CDAP-17731: Added support to show current namespace name in the footer.

CDAP-17877, CDAP-17876: Added Connections and Drivers to Namespace Admin page for centralized management of all connections and Drivers. For more information, see JDBC Drivers and Managing Connections.

Spark 3

CDAP-17693: Added Spark 3 support for Standalone CDAP, CDAP Sandbox, and Previewing data.

CDAP-17930: Added Dataproc version to 2.0 as the default for new and upgraded pipelines. For more information, see “Upgrade Notes for Spark 3” below.

Transformation Pushdown

CDAP-17863: Added support for Transformation pushdown into BigQuery for Joiner transformations. For more information, see Using Transformation pushdown.

Improvements

CDAP-17730: Added authorization checks for preferences, logging, compute profiles, and metadata endpoints.

CDAP-17915: Added support to search for tables based on schema name when you select tables for a Replication job.

CDAP-17946: Improved error messages on the Pipeline List page.

CDAP-17973: Improved Wrangler error messages

CDAP-18024: Added support for running CDAP as a non-root user.

CDAP-18039: Added additional trace logging in the authorization flow for debugging.

CDAP-18146: Pods created by CDAP now inherit their ImagePullPolicy from the pod which created them.

CDAP-18194: Added support for BIGNUMERIC data type for BigQuery target in replication.

PLUGIN-764: Added support for Datetime data type for SQL Server batch source plugins.

PLUGIN-645: Added support for Datetime data type for Replication jobs.

Behavior Changes

CDAP-18114: MySQL, Oracle, PostgreSQL, and SQL Server batch sources, sinks, actions, and pipeline alerts are now installed by default as system plugins.

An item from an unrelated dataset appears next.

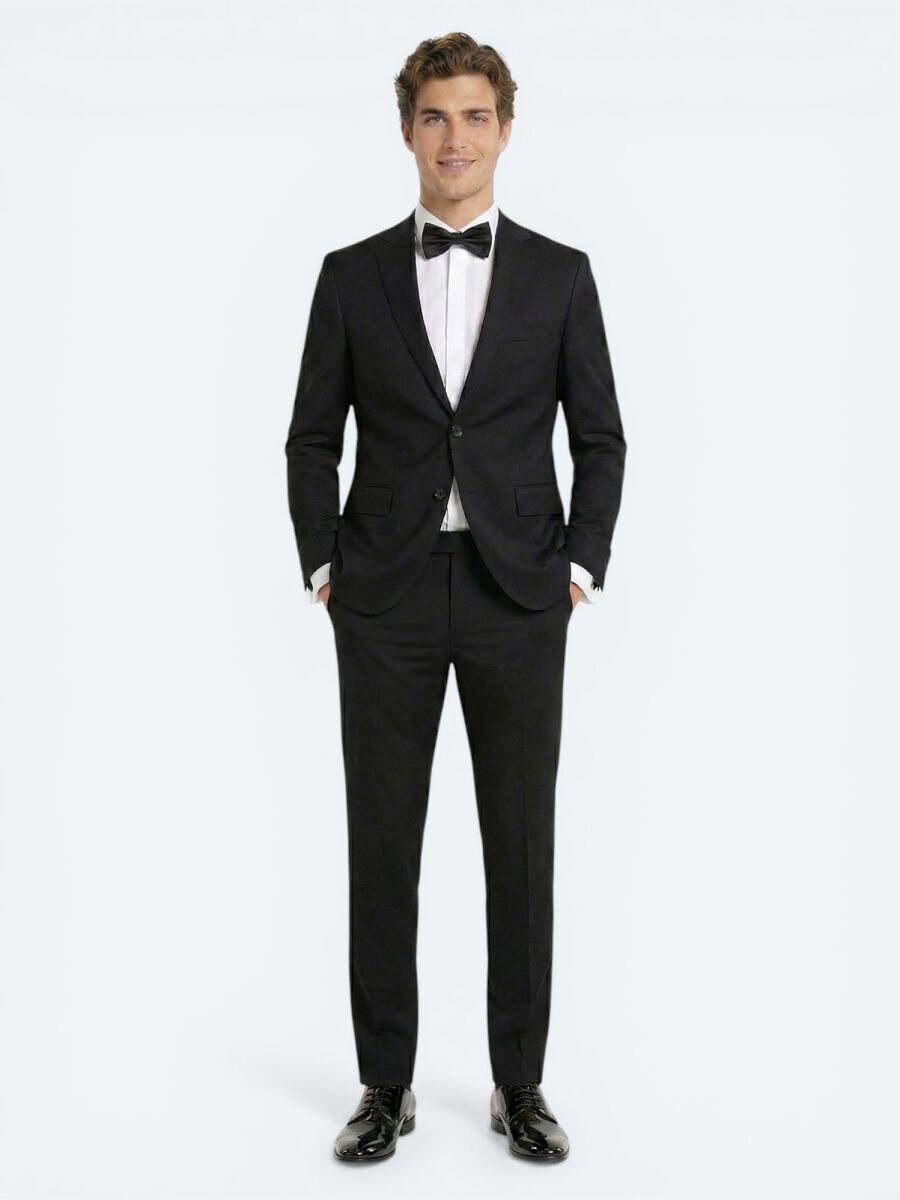 Siyah Slim Fit Kelebek Yaka Dokuma Smokin Takım Elbise - 4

Previously, these plugins were available in the Hub as user plugins.

CDAP-17898: When you use a connection in Wrangler and create a data pipeline, CDAP now creates a pipeline with the source plugin and then Wrangler transformation. In previous releases, CDAP created the pipeline with just the Wrangler transformation. You had to manually add the source plugin to the pipeline and configure it.

Bug Fixes

CDAP-17895: Fixed an issue in Replication that caused jobs to fail if more than 1000 tables are selected for replication.

CDAP-17919: Fixed an issue that caused replication jobs to hang when there were too many Delete or DDL events.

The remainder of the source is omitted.